The events deemed worthy of trade union officials' support are the September 12 rally (which will take place on the opposite side of the river to Crown Casino), a September 8 union forum, designed as a media event, and a September 10 community and union conference titled "Other Voices, Other Values", which is also sponsored by the Australian Council for Overseas Aid, the Australian Conservation Foundation, the National Union of Students and the Uniting Church.
Trades Hall has written to labour councils in other states explaining the reasons for its policy. The letter states, "We will not endorse or be involved in events where we cannot be assured that the outcome and message will be positive".
Trades Hall charges that the Melbourne-based S11 Alliance has "no clear protocols in relation to non-violence". However, the S11 Alliance has repeatedly stated that the mass community blockade will be non-violent.
Representatives from the S11 Alliance have been meeting with Trades Hall secretary Leigh Hubbard and with Victorian police to establish the procedures for the three-day event. One member of the team is Cam Walker, the national liaison officer for Friends of the Earth, an organisation with years of commitment to non-violent protest.
Alliance activists have also argued that active trade union involvement in organising the blockade would be the best way to ensure its outcome is safe, peaceful and "positive".
Australian Services Union assistant state secretary Ingrid Stitt told Green Left Weekly that the ASU would participate in Trades Hall's September 12 rally, would be organising buses to transport its members and would recommend its members stop work from 10.30am to attend. She said the union has decided to make September 12 its focus so it as not to "spread itself too thin".
The National Union of Workers is also publicising the rally on September 12, while the Victorian divisional executive of the National Tertiary Education Industry Union has agreed to promote all protest events targeting the WEF.
The Australian Manufacturing Workers Union national secretary, Doug Cameron, who was present at the Seattle anti-free trade protests and has been a prominent proponent of "social tariffs", refused to comment to Green Left Weekly on his union's plans. However, the union's Victorian branch, which is run by the militant Workers First team, has endorsed S11 as well as the official Trades Hall events.
Unions from NSW, South Australia and Western Australia are organising contingents of union and community activists who will be present for the protest on September 11.

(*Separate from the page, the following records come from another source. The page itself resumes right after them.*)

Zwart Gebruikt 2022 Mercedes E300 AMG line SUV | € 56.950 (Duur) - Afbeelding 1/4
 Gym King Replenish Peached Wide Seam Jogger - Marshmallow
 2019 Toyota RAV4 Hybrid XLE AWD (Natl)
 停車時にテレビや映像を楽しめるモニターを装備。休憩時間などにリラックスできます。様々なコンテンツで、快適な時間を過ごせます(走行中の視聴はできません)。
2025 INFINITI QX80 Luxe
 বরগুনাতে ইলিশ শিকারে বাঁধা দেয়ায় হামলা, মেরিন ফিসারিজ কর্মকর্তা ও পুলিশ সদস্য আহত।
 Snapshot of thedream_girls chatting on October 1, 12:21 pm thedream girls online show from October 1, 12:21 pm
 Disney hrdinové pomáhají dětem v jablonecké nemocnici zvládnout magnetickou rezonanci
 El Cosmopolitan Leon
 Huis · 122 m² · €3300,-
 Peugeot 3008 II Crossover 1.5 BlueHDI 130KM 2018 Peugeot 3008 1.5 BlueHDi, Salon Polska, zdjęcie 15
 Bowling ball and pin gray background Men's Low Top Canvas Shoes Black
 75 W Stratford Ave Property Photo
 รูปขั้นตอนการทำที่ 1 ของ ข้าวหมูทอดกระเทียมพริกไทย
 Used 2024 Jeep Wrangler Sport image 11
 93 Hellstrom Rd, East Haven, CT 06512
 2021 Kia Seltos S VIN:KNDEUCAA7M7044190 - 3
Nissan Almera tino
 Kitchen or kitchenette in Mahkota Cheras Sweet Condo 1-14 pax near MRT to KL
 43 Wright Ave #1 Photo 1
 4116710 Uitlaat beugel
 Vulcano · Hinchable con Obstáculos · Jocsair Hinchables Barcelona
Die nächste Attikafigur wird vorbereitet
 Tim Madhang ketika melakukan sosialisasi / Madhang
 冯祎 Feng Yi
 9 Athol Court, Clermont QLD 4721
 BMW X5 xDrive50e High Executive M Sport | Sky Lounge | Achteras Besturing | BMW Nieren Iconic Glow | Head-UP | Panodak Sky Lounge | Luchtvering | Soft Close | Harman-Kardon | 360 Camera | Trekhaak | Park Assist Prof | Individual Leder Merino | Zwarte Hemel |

The chairperson of the South Australian United Trades and Labor Council's international committee, Stephen Spence, who is also the state secretary of the Media Entertainment and Arts Alliance, has endorsed S11 and will speak on the opening platform of the S11 blockade.
ACTU president Sharan Burrow will attend parts of the WEF summit, as will Victorian Labor Premier Steve Bracks. They will be in the company of corporate notables such as Microsoft chairperson Bill Gates, National Australia Bank CEO Frank Cicutto, Rio Tinto managing director Barry Cusack and BHP chief executive Paul Anderson.
The S11 Alliance says it will encourage the widest democratic involvement in all activities, including the Trades Hall events.